As a reader, I’ve never checked out audiobooks. But if my three mile commute from work to home keeps increasing due to insane traffic, lane blockages, wrecks, and fires on the Interstate, then it might become viable to hear several chapters of an audio books while I sit in a sea of brake lights. That admission shouldn’t make anybody squirm. I think we can all agree that traffic is a nightmare on Die-20 in the afternoon, especially on Thursdays. I mean, I-20.
On paperbacks: Blurry, my young adult murder mystery, is available as a paperback on Amazon, but I haven’t sold a paperback copy since 2012. All of my book sales since I switched to fiction have been ebooks, so there’s been no need to look into that option, especially since there are costs involved and I hear from other authors that the formatting issues are a nightmare. These requests are decreasing anyway, so I don’t see the point in going to all of that trouble. Plus, I’m a bit of a tree hugger, if you didn’t know that about me. I prefer to go digital every way I can. Ebooks are my standard for writing and reading. Heck, I use my laptop and my Kindle almost every day.
But I do occasionally read paperbacks, and even hardbacks. I can’t resist the lure of a bookstore, and went by one near my office yesterday called The Book Dispensery. The Book Dispensery is a secondhand bookstore where you can trade in books for credit, and buy books at 40%-70% off (which is a discount if you buy from a traditionally published author, who still charges regular paperback/hardback prices for their ebooks). It’s a good place to check out authors you’ve never read before to decide if you want to read more of their work. I discovered Ben Bova, Kim Stanley Robinson, P.D. James, and J.A. Jance by checking out titles I bought there. Given that the only new bookstores in my area is a Barnes & Noble clear across town and a Books-A-Million in a traffic nightmare location, I pretty much get every paperback or hardback I read at The Book Dispensery. If you live here, I highly recommend checking them out. If you don’t, check your area for secondhand bookstores where you can find some treasures that may lead you to discovering authors you’ll love.

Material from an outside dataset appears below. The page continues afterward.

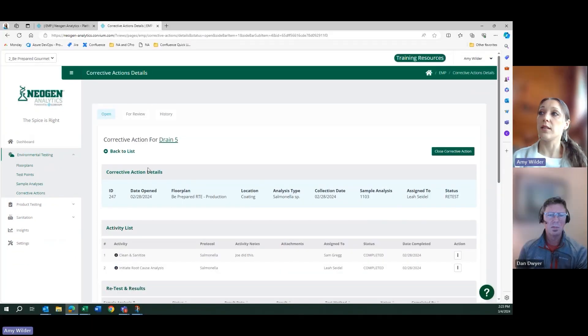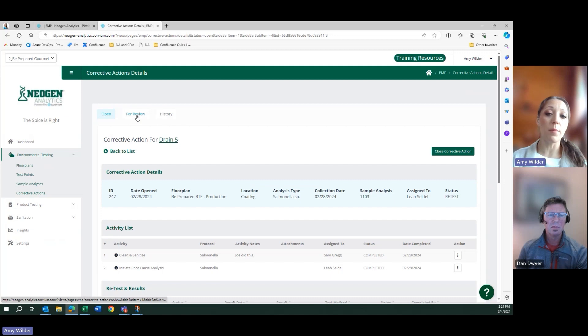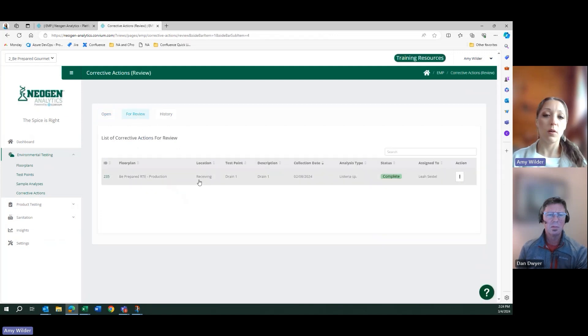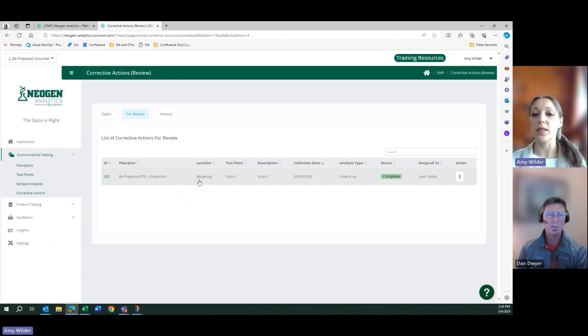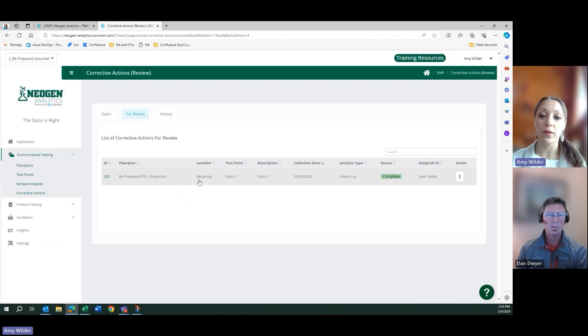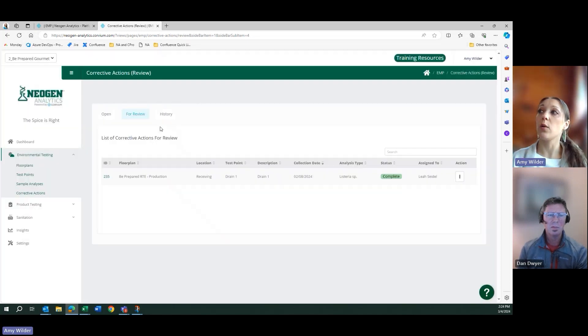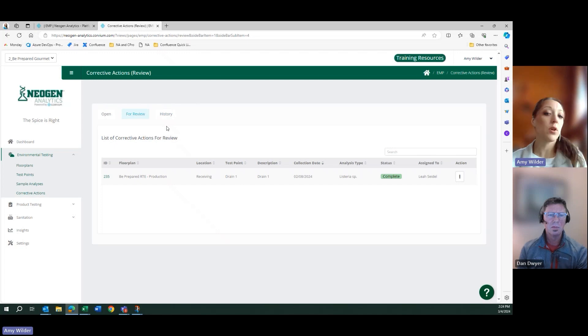Once this is deemed complete, the software would automatically push it into this for review stage for someone to review the activities, the notes, attachments, things like that, and sign off. They could verify that this was complete, mark it complete. And once they do that, it would then move over into the historical section.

So there are my answers on audiobooks and paperbacks. One’s on the radar, and one fell off. But I’m always open to reconsidering due to changes in the book industry. In fact, I pretty much count on it. The publishing industry, much like everything else in life, is in a constant state of change and development. You never know what might happen to change things in a significant way.
That’s all today. Take care. Have a Happy Friday tomorrow and a wonderful weekend.